(Entries taken from a collection)
-=-=-

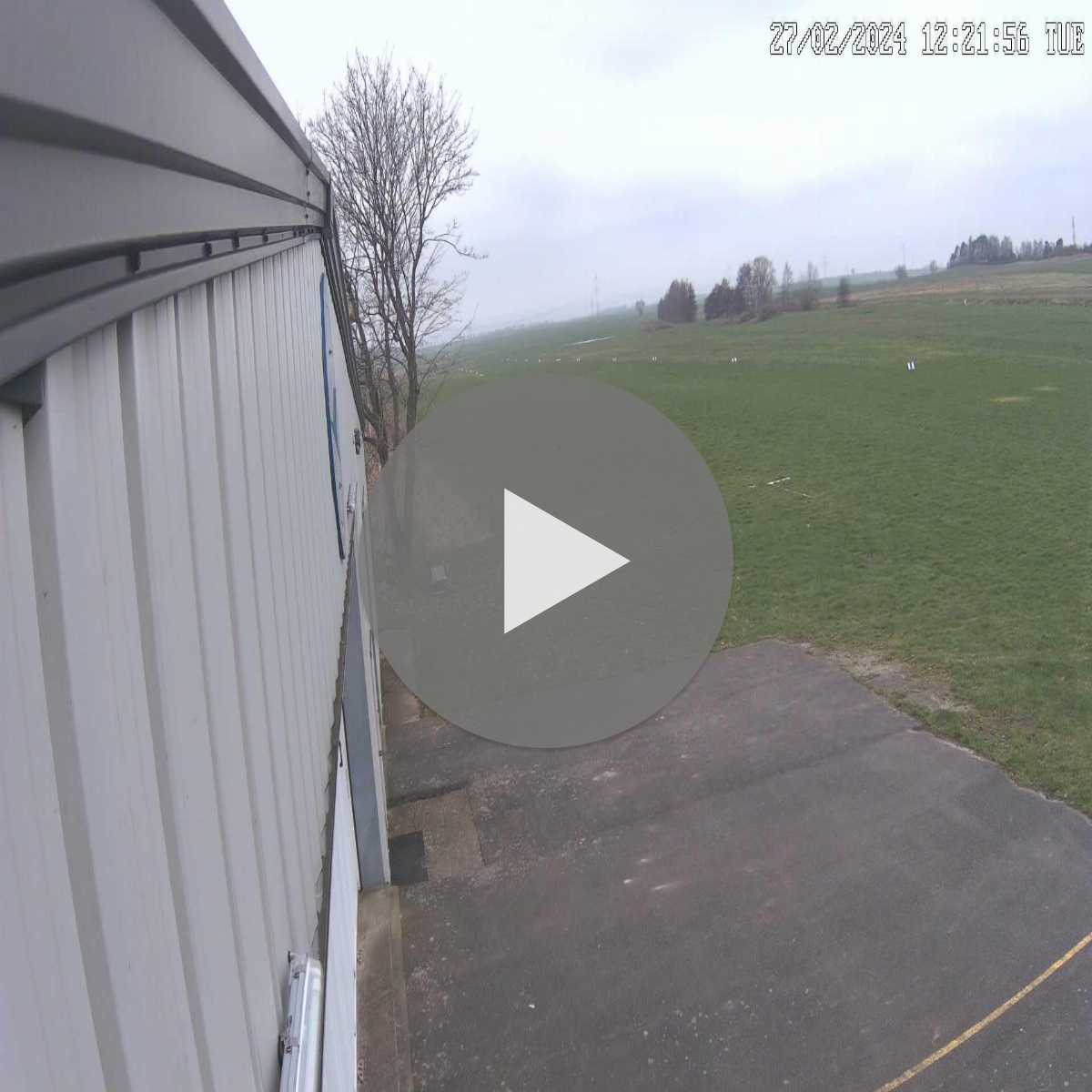Reppenstedt webcam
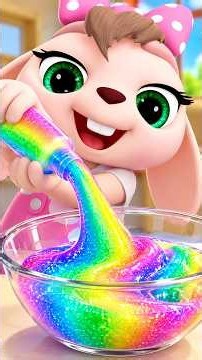 Slime Fun!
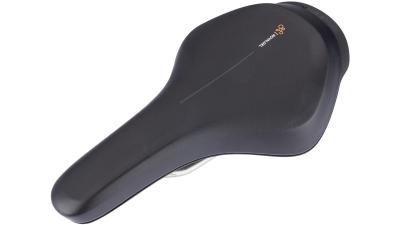 Selle Royal ON Athletic Unisex 1 1/8" schwarz Produktbild 2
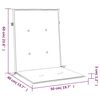 Miniatyrbilde av produktet 10 av 10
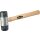Vigor KUNSTSTOFF HAMMER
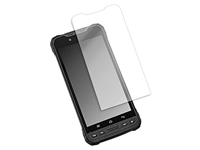 Zebra / Xplore M60 Screen Protector (3 Pack)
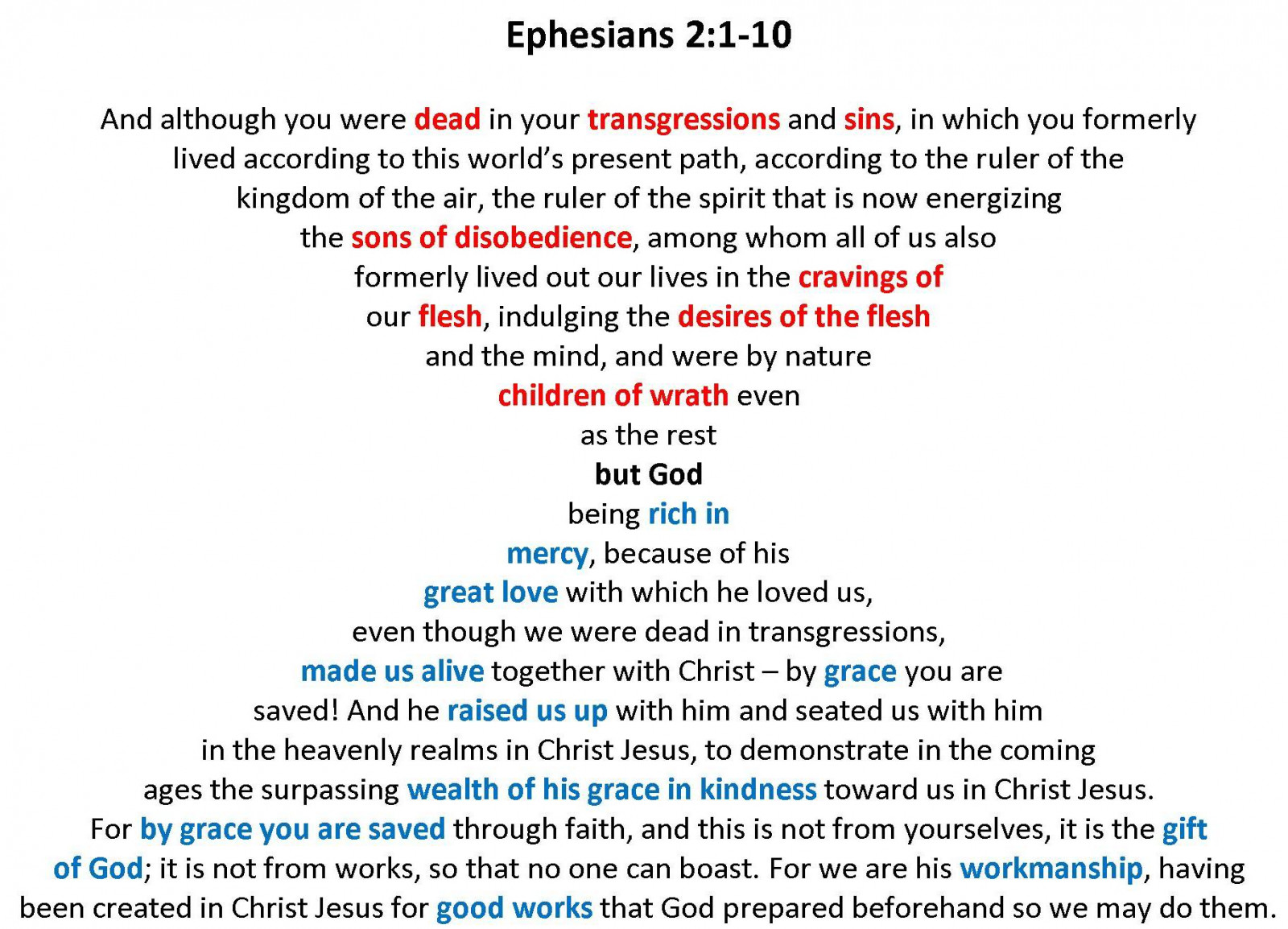 Achtergronden 1827x1318 px, Bijbel, hq, poster, citaat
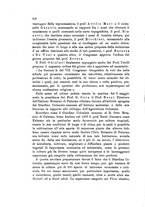 giornale/UFI0147478/1910/unico/00000568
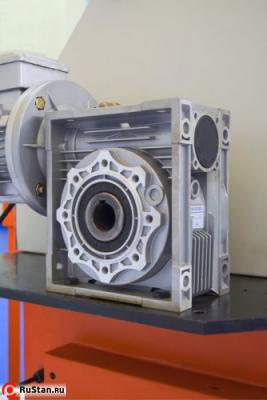 Stalex RBM-40HV фото №2 Stalex RBM-40HV фото №2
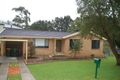 Property photo of 3 Kinross Place Jamberoo NSW 2533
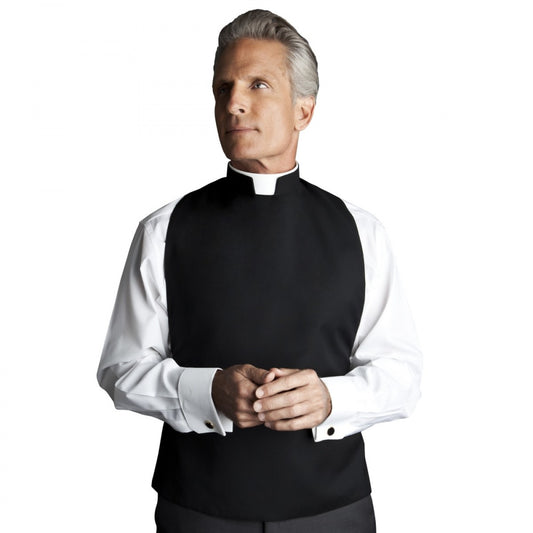 #4 Romano Shirtfront- All Sizes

-=-=-

## Try it:
Reproduce exactly, with nothing added, the lines from the line with "Miniatyrbilde av produktet 10 av 10" through the end of the entries above; pictures are to be left out.

## Expected output:
 Miniatyrbilde av produktet 10 av 10
Vigor KUNSTSTOFF HAMMER
 Zebra / Xplore M60 Screen Protector (3 Pack)
 Achtergronden 1827x1318 px, Bijbel, hq, poster, citaat
 giornale/UFI0147478/1910/unico/00000568
 Stalex RBM-40HV фото №2 Stalex RBM-40HV фото №2
 Property photo of 3 Kinross Place Jamberoo NSW 2533
 #4 Romano Shirtfront- All Sizes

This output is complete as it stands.